Nach den Eskalationen in der Silvesternacht vergehen nicht einmal 48 Stunden, da scheint Unionsfraktionsvize Jens Spahn die Ursache gefunden zu haben: Es gehe nicht um Feuerwerk, sagte der CDU-Politiker "t-online", sondern "eher um ungeregelte Migration" und eine "gescheiterte Integration". Spahn trifft diese Aussage zu einem Zeitpunkt, zu dem weder die Polizeistationen noch die Innenministerien jener Länder, in denen Rettungsfahrzeuge angegriffen und Einsatzkräfte behindert wurden, Angaben zu Tätergruppen gemacht haben. In dieser Debatte auf Schnellschüsse und Pauschalurteile zu setzen, ist aber nicht nur kontraproduktiv, sondern auch gefährlich.

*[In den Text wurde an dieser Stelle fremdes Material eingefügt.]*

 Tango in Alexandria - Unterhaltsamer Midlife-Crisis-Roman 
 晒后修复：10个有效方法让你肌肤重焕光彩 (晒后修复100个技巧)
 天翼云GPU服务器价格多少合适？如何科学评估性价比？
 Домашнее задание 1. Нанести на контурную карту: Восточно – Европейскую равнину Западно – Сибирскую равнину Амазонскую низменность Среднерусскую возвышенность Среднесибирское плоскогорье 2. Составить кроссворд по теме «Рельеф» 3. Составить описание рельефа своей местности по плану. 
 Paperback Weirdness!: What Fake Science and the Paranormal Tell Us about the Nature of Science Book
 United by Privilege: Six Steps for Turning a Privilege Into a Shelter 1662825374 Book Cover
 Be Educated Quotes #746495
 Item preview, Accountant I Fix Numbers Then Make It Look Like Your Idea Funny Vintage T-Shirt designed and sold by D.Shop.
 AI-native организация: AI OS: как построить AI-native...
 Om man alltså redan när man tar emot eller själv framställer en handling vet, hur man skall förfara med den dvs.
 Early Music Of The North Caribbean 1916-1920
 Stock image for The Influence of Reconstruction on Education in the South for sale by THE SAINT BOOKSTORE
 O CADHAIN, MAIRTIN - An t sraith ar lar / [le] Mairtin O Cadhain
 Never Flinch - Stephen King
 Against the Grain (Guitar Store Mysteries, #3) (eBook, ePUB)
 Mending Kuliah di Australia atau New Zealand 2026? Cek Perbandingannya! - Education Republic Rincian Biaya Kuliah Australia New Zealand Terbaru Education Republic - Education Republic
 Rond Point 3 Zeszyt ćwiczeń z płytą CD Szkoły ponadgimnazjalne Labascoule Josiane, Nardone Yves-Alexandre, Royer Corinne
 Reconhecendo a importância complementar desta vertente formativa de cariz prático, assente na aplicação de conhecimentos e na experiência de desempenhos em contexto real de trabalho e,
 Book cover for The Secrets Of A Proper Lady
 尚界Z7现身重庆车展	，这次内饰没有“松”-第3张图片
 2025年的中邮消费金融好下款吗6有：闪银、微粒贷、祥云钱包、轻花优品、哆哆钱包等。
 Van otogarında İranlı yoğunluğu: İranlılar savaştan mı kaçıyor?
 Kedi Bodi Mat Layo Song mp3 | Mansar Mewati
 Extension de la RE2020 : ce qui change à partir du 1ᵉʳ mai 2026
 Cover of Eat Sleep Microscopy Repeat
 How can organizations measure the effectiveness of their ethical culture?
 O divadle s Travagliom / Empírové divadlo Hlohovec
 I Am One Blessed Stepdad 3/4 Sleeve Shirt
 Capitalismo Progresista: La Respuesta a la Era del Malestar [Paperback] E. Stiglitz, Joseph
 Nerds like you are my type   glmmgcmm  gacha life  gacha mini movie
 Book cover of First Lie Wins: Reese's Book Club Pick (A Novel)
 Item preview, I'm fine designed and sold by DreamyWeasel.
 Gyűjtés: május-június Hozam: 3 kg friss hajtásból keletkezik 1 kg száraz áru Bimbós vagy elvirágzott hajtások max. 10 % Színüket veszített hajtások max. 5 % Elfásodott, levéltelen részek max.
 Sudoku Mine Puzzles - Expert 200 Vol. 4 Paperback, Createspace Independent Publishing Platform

Trotzdem ist Spahn bei Weitem nicht der einzige Politiker aus Union und FDP, dem es schon kurz nach der Silvesternacht leicht fällt, scheinbar fundierte Aussagen über die Tätergruppe zu treffen. Parteikollegen wie Christoph de Vries oder die FDP-Abgeordnete Katja Adler sprechen von "Personen Phänotyps: westasiatisch, dunklerer Hauttyp" und von "kultureller Überfremdung" im Zusammenhang mit den Krawallen. Auch jene, die nie um ein Statement verlegen sind, wenn es um die harte Hand des Staates bei Menschen mit Migrationshintergrund geht, nutzen die Gelegenheit. Rainer Wendt, Chef der Deutschen Polizeigewerkschaft (DPolG) raunt im Gespräch mit dem "Focus" von einem "Migrantenmilieu", aus dem die Täter stammten.
Am Mittwoch fällt die Bundesregierung schließlich ein ähnlich klingendes Urteil: "Wir haben in deutschen Großstädten ein großes Problem mit bestimmten jungen Männern mit Migrationshintergrund, die unseren Staat verachten, Gewalttaten begehen und mit Bildungs- und Integrationsprogrammen kaum erreicht werden", sagt Bundesinnenministerin Nancy Faeser der Funke-Mediengruppe.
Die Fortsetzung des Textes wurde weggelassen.